We feel that the development process does not represent the neighborhoods well. The staff and the developer drive the direction of development and the residents and taxpayers are not being heard. The staff and the developer will not have to live near this house yet they are the ones that have a “place at the table”. The residents who are affected by a project should have a real voice and be heard, yet in reality they have minimal impact. This process needs to react to and be sensitive to the community needs. In the city’s own description of the Development Review Committee, it states that one of its purpose’s is to ‘determine if a project will be compatible with the site and surrounding developments by evaluating the project as it relates to the character of the neighborhood, the massing of the building structure and the architectural style and detailing’. This has not been happening. The input of the residents is muted. The developer had a meeting with the local residents a few weeks ago, looking for input on his project but he ultimately turned in his plans to the city a few days later with no changes made in response to the critical comments voiced at the meeting.
There is a last Public Hearing in front of the Zoning Administrator specifically on the variance considerations for this project and any other issues relating to this development. Please attend this last Hearing on this development April 27th at 4:00 p.m. in the Plaza Conference Room at City Hall, so the city will realize that resident voters do want a say in the development of their city and not just what city Staff thinks we should have. The project plans are available for review at the city planning counter. Come to the meeting and give your input and support!!
Posted by Loretta Merry, a resident of the Cuesta Park neighborhood, on Apr 25, 2011 at 5:57 pm
I am in total disagreement with the proposal for a variance to be allowed to construct such a large house on such a small piece of property. Sonia Way and Miramonte.
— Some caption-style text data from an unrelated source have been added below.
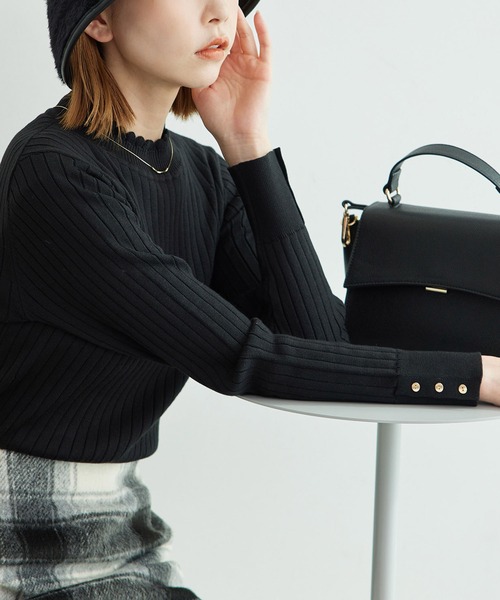 ROPE' PICNIC（ロペピクニック）の「BIOGRACE(R)スカラップネックリブニットプルオーバー（ニット/セーター・レディース・ターコイズブルー/ブラック/レッド/マスタード/キナリ・38）」の3枚目の写真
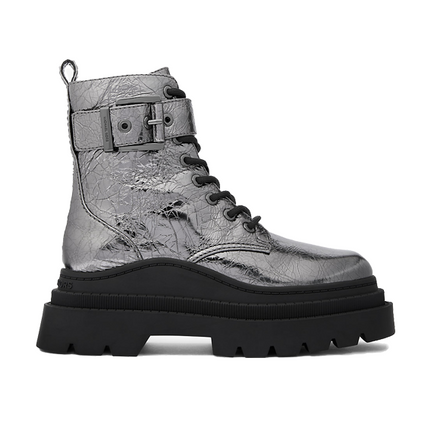 Michael Kors Women's Colby Crackled Metallic Leather Combat Boot Gunmetal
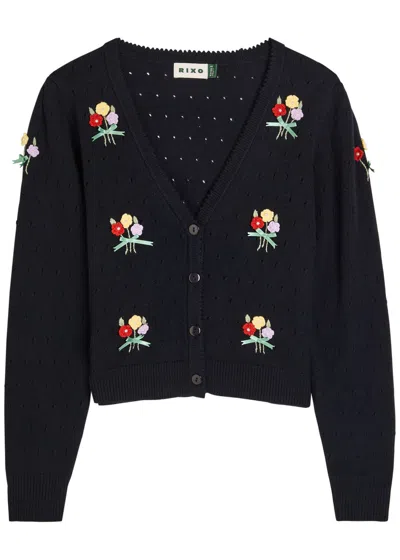 Rixo London Womens Ditsy Bud Deep Navy Merinda Bouquet Wool Cardigan In Blue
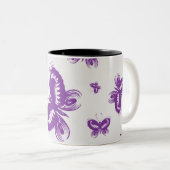 Tasse 2 Couleurs Motif papillon pourpre (Devant droit)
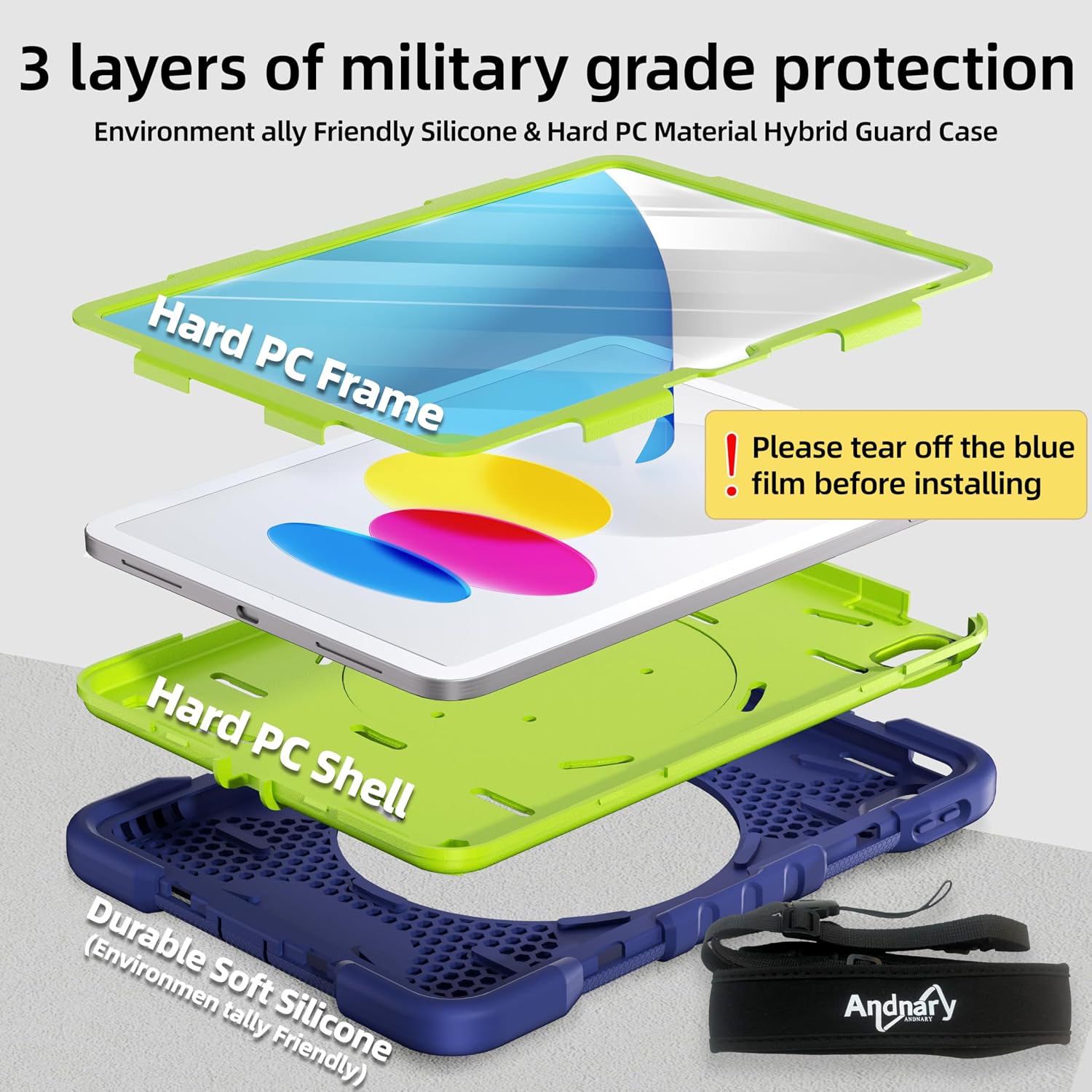 Thumbnail 2 de Andnary Case for iPad 11-inch 360° Rotating Stand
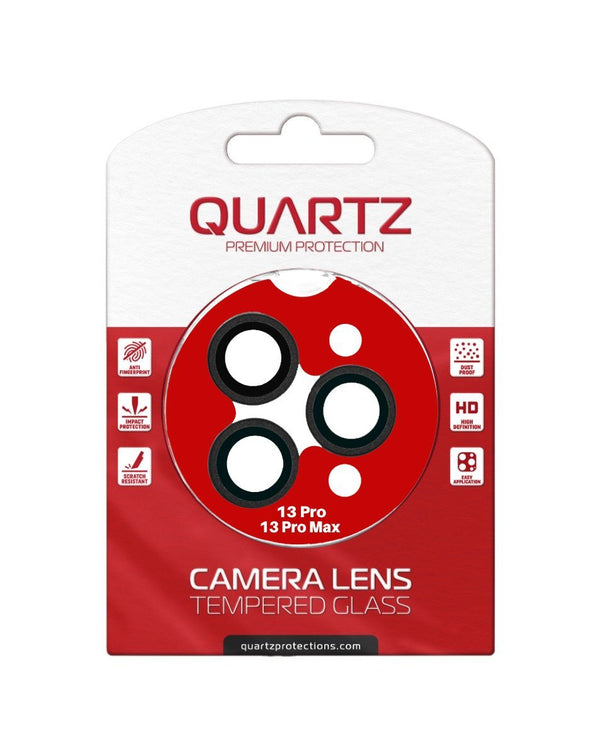 QUARTZ HD Tempered Glass (BLACK) with Glitter Diamond Camera Lens for iPhone 13 Pro Max / 13 Pro Back Camera - Banana Cellular Solutions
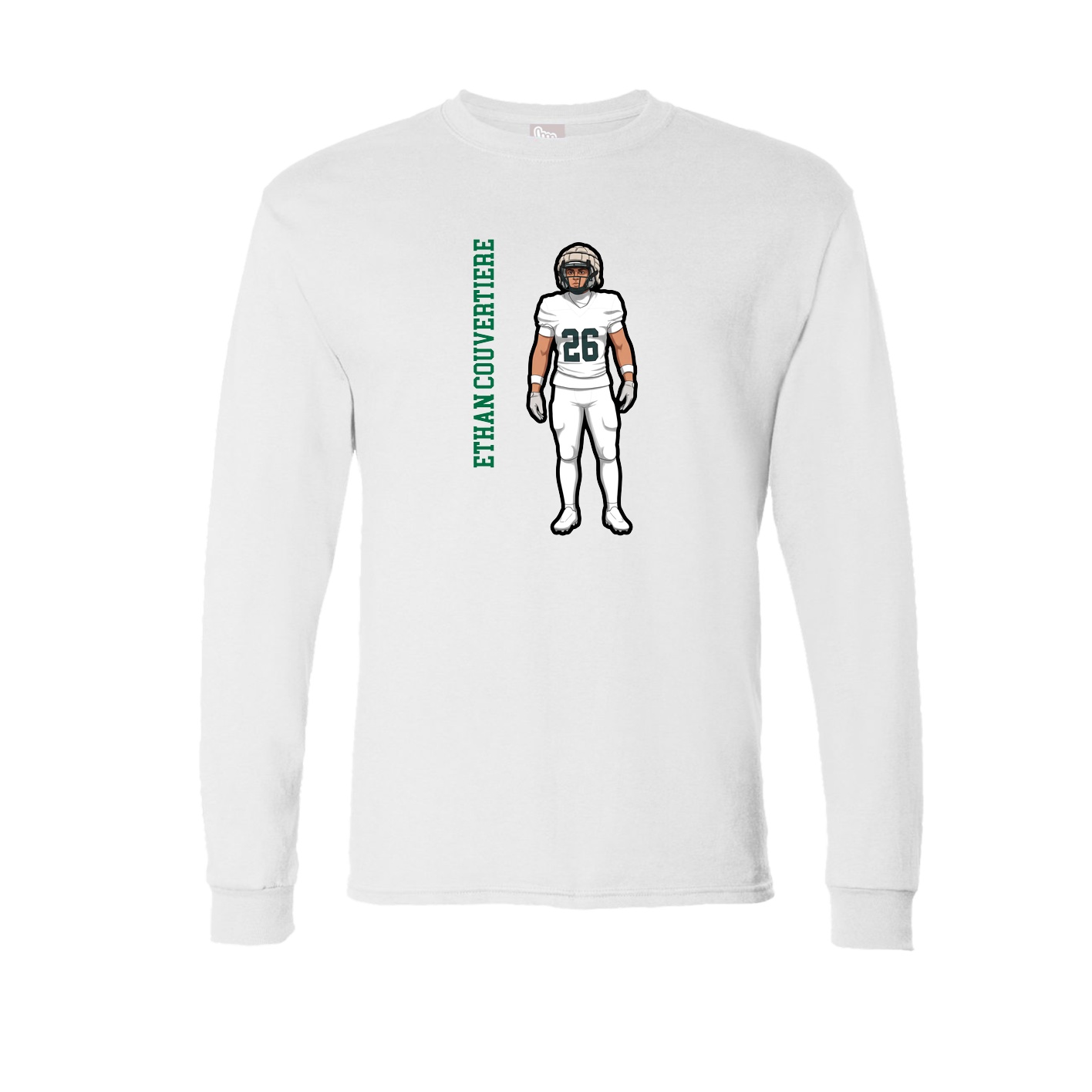 Long Sleeve Tee — Name Vertical in White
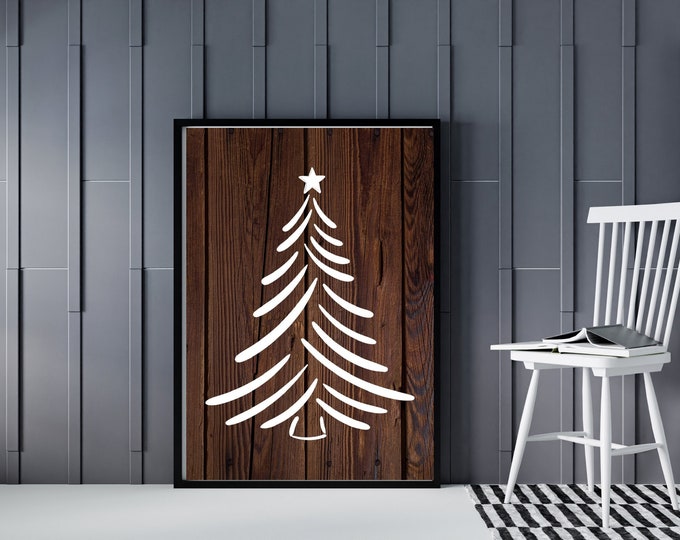 Neutral  Farmhouse Style Christmas Tree Signs - Christmas Wall Art Printable - Holiday Wall Decor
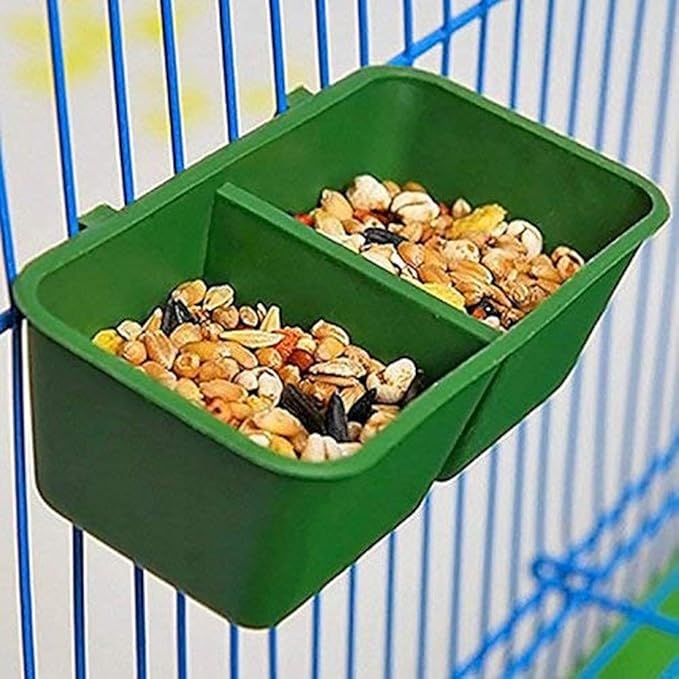 Litewoo Bird Seed Food Feeder Dish Water Feeder Bowl for Parrot Macaw African Greys Budgies Parakeet Cockatiel Conure Canary Finch Cage (3.9inch 2 in 1)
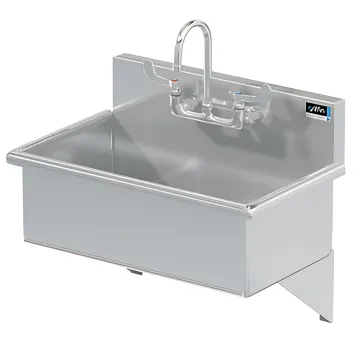 Stainless surgical scrub sink with knee controls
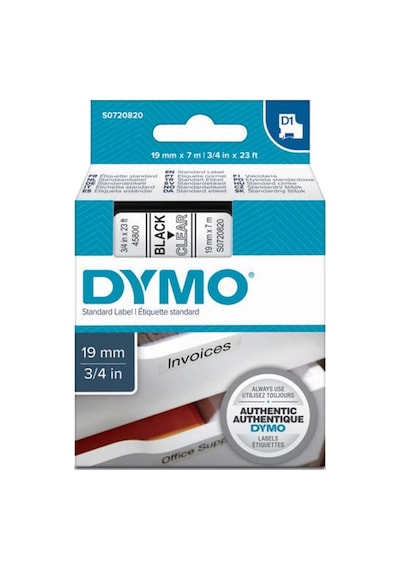 Dymo D1 Şerit Standart 19 Mmx7 Mt Şeffaf Üzerine  Siyah 45800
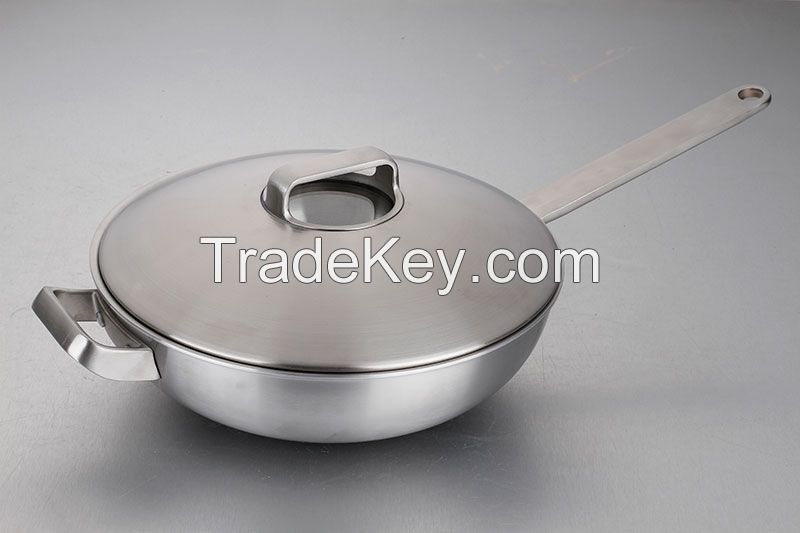 304 Stainless Steel Wok Pot Pan Palm Restaurant Cookware Kitchenware 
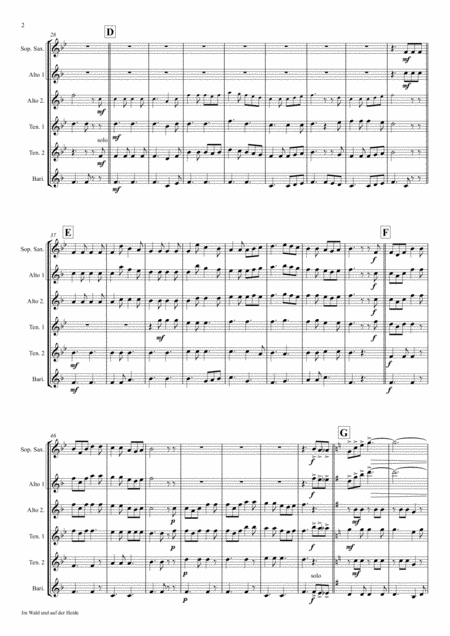 Im Wald Und Auf Der Heide German March Octoberfest Saxophone Quintet Page 2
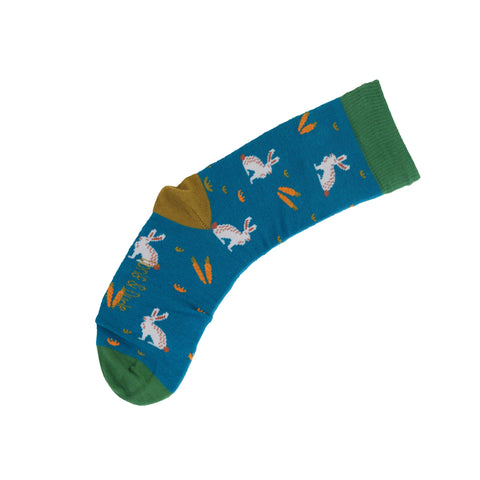 An image of a Teal Rabbit  calf length sock by Doris & Dude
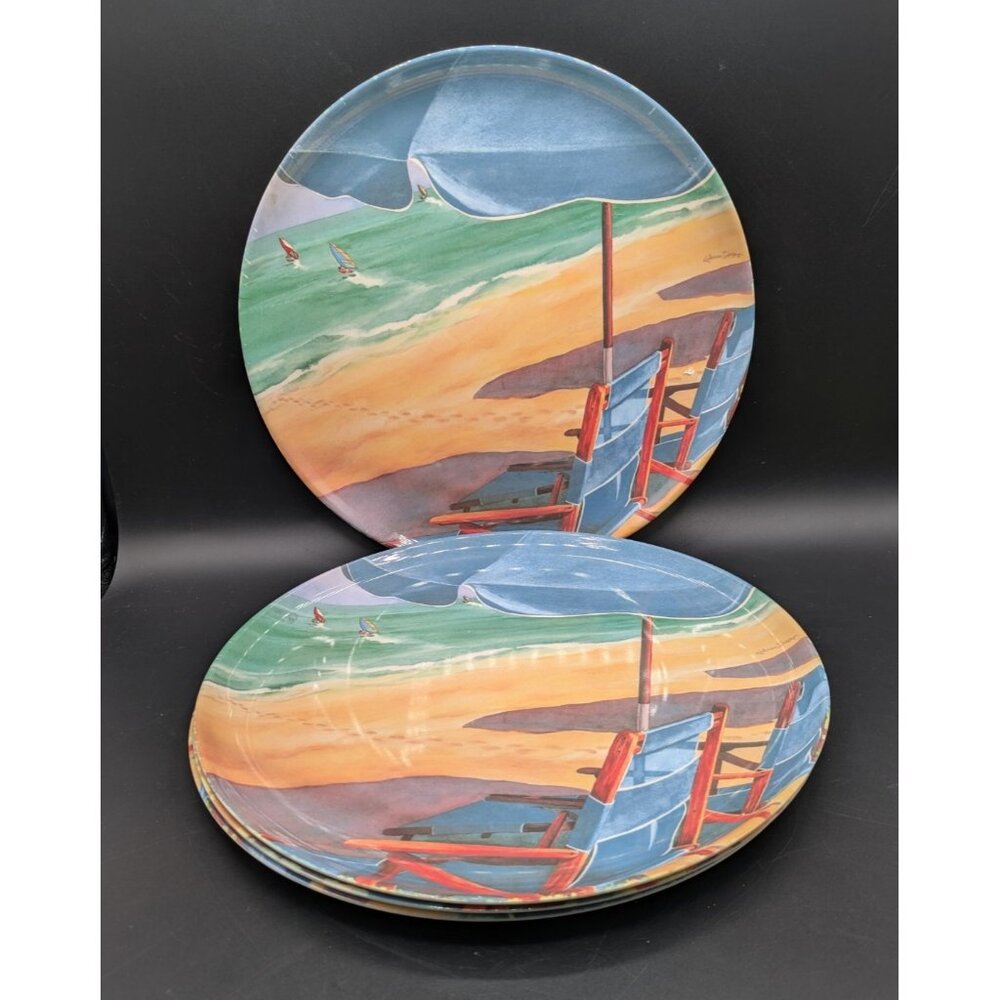Precidio Melamine Beach Dinner Plates Set of 4 Chair Umbrella Ocean Dishes 11"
Enough is enough! Does the city or the contractor really have the right to see that every piece of open space be occupied by "giant" and ugly homes on small lots? We already have plenty of those, one being right next door to me. I can no longer see blue sky and the tops of trees from my kitchen window. Instead, I now look into the side of a tall, unattractive home unpainted stucco with only 10" between us. It is less than ideal. I may as well be living in a high rise in NYC. It would have served the city well to have kept the Sonia Way/Miramonte property as green and open space with a nice area for neighbors and visitors to enjoy on a nice day. A small quiet spot for reflecting and enjoying the outdoors would be more appropriate for such a small area. I hope you will consider what impact this will have on the many residents and neighbors in the area.